40万の法則が導くスピーカーの在り方(D130と岩崎千明氏・余談)

D130の特性は、ステレオサウンド別冊 HIGH-TECHNIC SERIES 4 に載っている。
D130の前にランシングによるJBLブランド発のユニットD101の特性は、どうなっているのか。
(これは、アルテックのウーファー515とそっくりの外観から、なんとなくではあるが想像はつく。)

1925年、世界初のスピーカーとして、
スピーカーの教科書、オーディオの教科書的な書籍では必ずといっていいほど紹介されているアメリカGE社の、
C. W. RiceとE. W. Kelloggの共同開発によるスピーカーの特性は、どうなっているのか。
このスピーカーの振動板の直径は6インチ。フルレンジ型と捉えていいだろう。

エジソンが1877年に発明・公開した録音・再生機フォノグラフの特性は、どうなっているのか。

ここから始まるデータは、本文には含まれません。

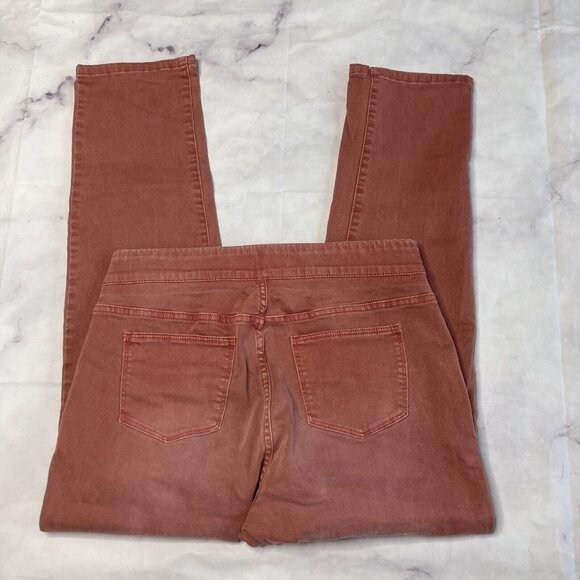 Soft Surroundings Pink Slim Leg Jeans Womens Size Petite Medium Pull On Stretch - Picture 4 of 4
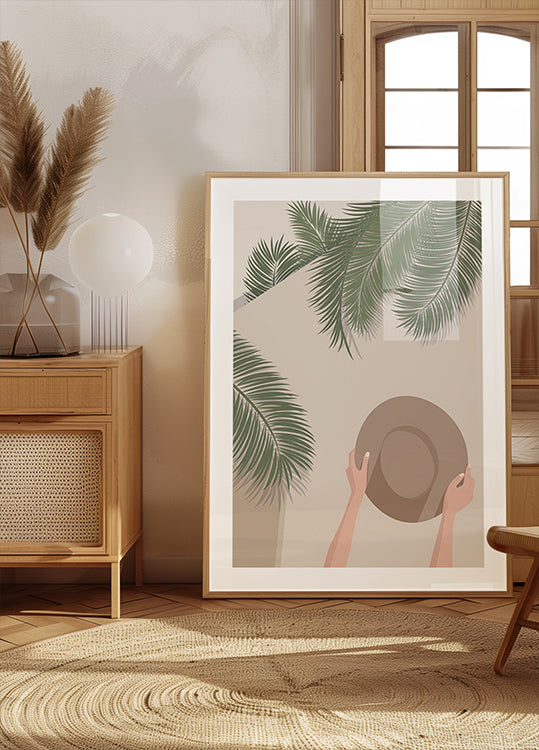 Profitez du moment 1, palmiers tropicaux et chapeau d'été Poster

おそらく、どれも再生帯域幅の広さには違いはあっても、
人の声を中心とした帯域をカバーしていた、と思う。

エジソンは「メリーさんの羊」をうたい吹き込んで実験に成功している、ということは、
低域、もしくは高域に寄った周波数特性ではなかった、といえる。
これは偶然なのだろうか、と考える。
エジソンのフォノグラフは錫箔をはりつけた円柱に音溝を刻む。
この材質の選択にはそうとうな実験がなされた結果であろうと思うし、
もしかすると最初から錫箔で、偶然にもうまくいった可能性もあるのかもしれない、とも思う。

どちらにしろ、人の声の録音・再生にエジソンは成功したわけだ。

GEの6インチのスピーカーユニットは、どうだったのか。
エジソンがフォノグラフの公開実験を成功させた1877年に、
スピーカーの特許がアメリカとドイツで申請されている。
どちらもムービングコイル型の構造で、つまり現在のコーン型ユニットの原型ともいえるものだが、
この時代にはスピーカーを鳴らすために必要なアンプがまだ存在しておらず、
世界で初めて音を出したスピーカーは、それから約50年後のGEの6インチということになる。

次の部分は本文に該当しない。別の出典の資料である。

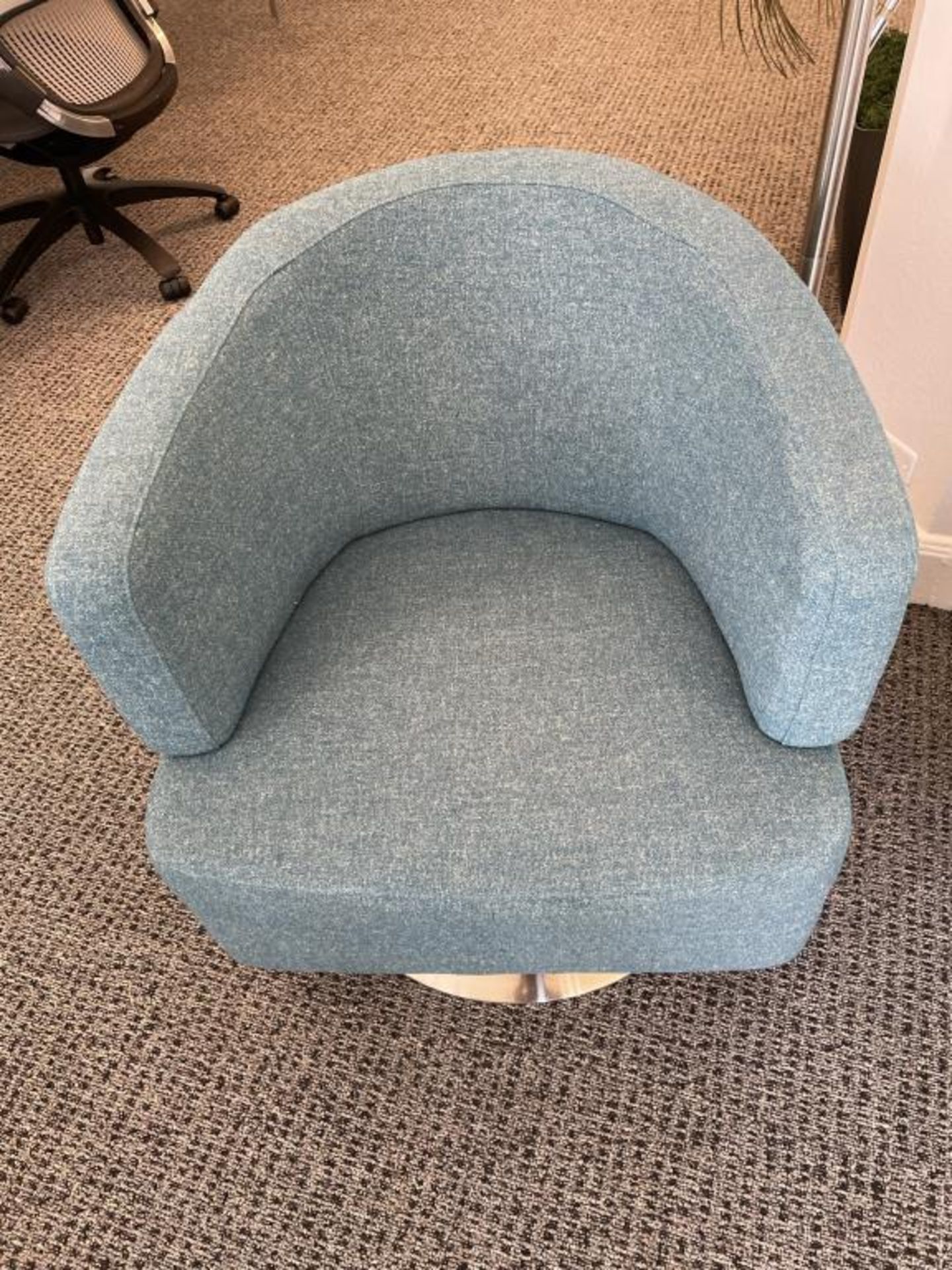 (2qty) Jason Furniture Teal Swivel Chairs - Image 5 of 6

このスピーカーユニットの音を聴きたい、とは特に思わないが、
周波数特性がどの程度の広さ、ということよりも、どの帯域をカヴァーしていたのかは気になる。

なぜRiceとKelloggは、振動板の大きさを6インチにしたのかも、気になる。
振動板の大きさはいくつか実験したのか、それとも最初から6インチだったのか。
最初から6インチだったとしたら、このサイズはどうやって決ったのか。

Date: 2月 8th, 2012
Cate: 40万の法則, D130, JBL, 岩崎千明

40万の法則が導くスピーカーの在り方(D130と岩崎千明氏・その25)

JBL・D130のトータルエネルギー・レスポンスをみていると、
ほぼフラットな帯域が、偶然なのかそれとも意図したものかはわからないが、
ほぼ40万の法則に添うものとなっている。
100Hzから4kHzまでがほぼフラットなエネルギーを放出できる帯域となっている。

とにかくこの帯域において、もう一度書くがピークもディップもみられない。
このことが、コーヒーカップのスプーンが音を立てていくことに関係している、と確信できる。

D130と同等の高能率のユニット、アルテックの604-8G。
残響室内の能率はD130が104dB/W、604-8Gが105dB/Wと同等。
なのに604-8Gの試聴感想のところに、コーヒーカップのスプーンについての発言はない。
D130も604-8Gも同じレベルの音圧を取り出せるにも関わらず、この違いが生じているのは、
トータルエネルギー・レスポンスのカーヴの違いになんらかの関係があるように考えている。

604-8Gのトータルエネルギー・レスポンスは1kから2kHzあたりにディップがあり、
100Hzから4kHzまでの帯域に限っても、D130のほうがきれいなカーヴを描く。

ならばタンノイのHPD315はどうかというと、
100Hzから4kHzのトータルエネルギー・レスポンスはほぼフラットだが、
残響室内の能率が95.5dB/Wと約10dB低い。
それにHPD315は1kHzにクロスオーバー周波数をもつ同軸型2ウェイ・ユニットである。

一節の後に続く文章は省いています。